— PROBLEM DESCRIPTION —
Please restate every line below exactly, without any pictures.

— INPUT DATA —

***

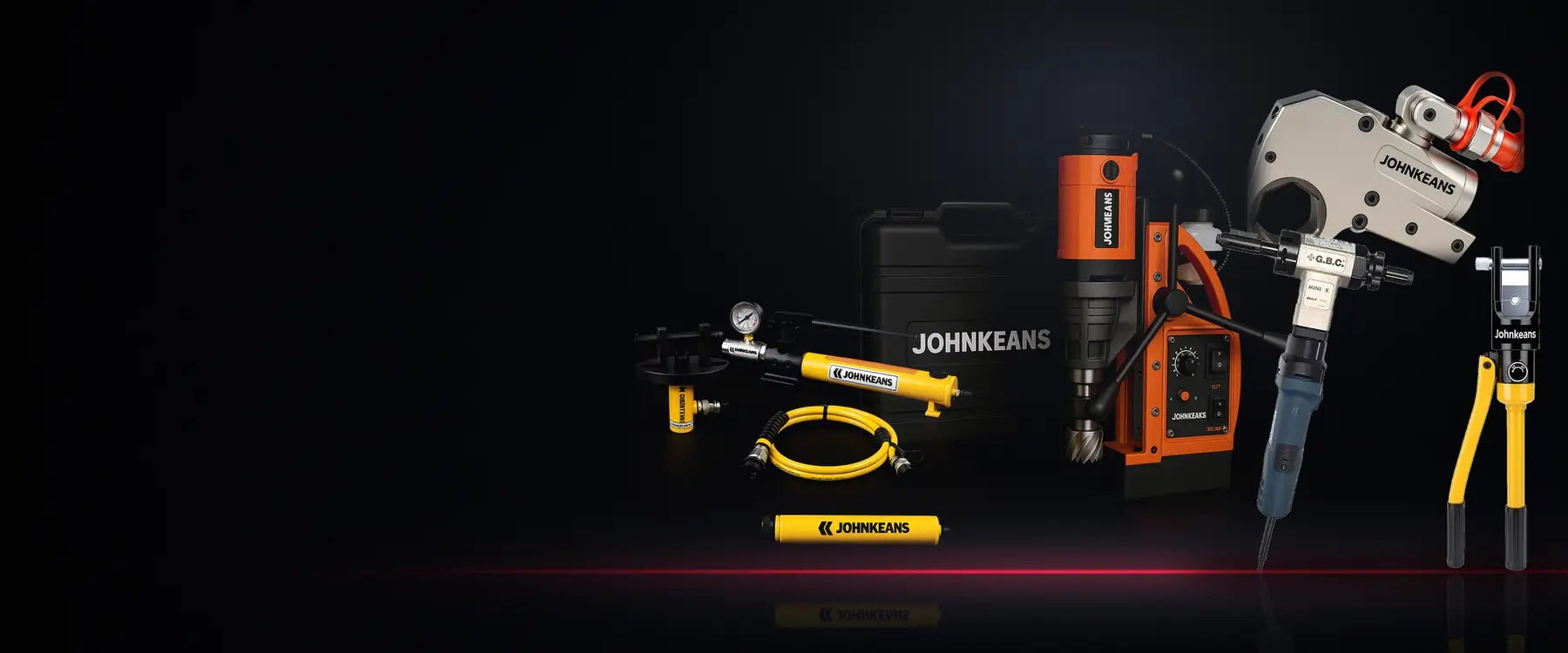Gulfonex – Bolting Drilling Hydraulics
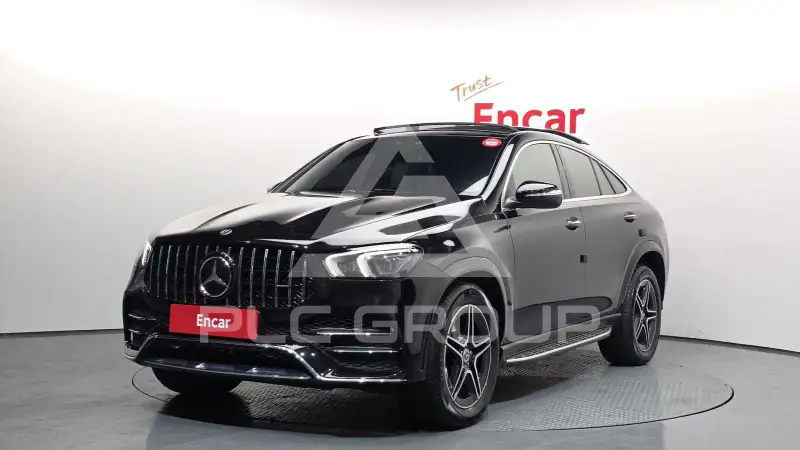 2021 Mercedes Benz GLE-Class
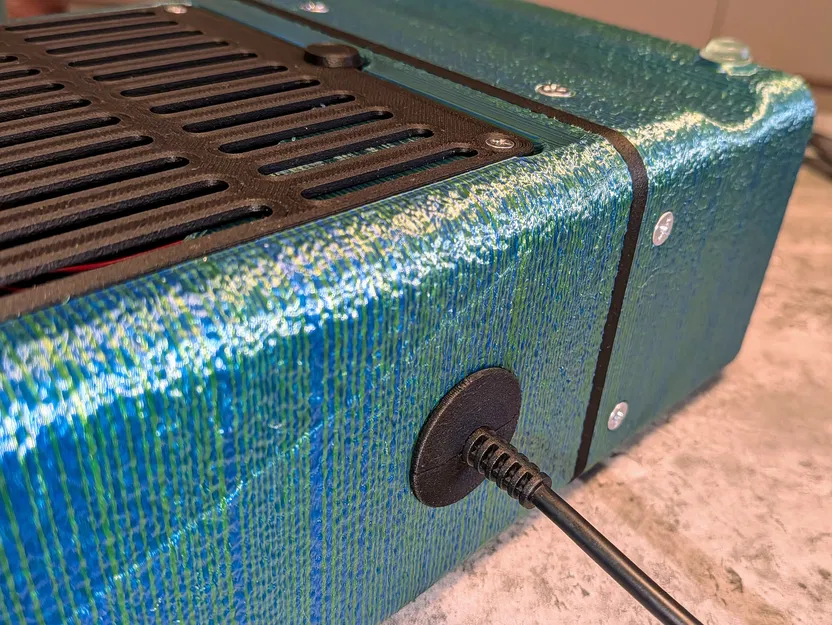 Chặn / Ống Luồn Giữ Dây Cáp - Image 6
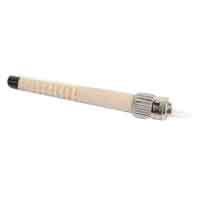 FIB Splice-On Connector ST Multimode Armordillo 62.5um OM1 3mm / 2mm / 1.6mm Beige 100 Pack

***

— OUTPUT BELOW —
Gulfonex – Bolting Drilling Hydraulics
 2021 Mercedes Benz GLE-Class
 Chặn / Ống Luồn Giữ Dây Cáp - Image 6
 FIB Splice-On Connector ST Multimode Armordillo 62.5um OM1 3mm / 2mm / 1.6mm Beige 100 Pack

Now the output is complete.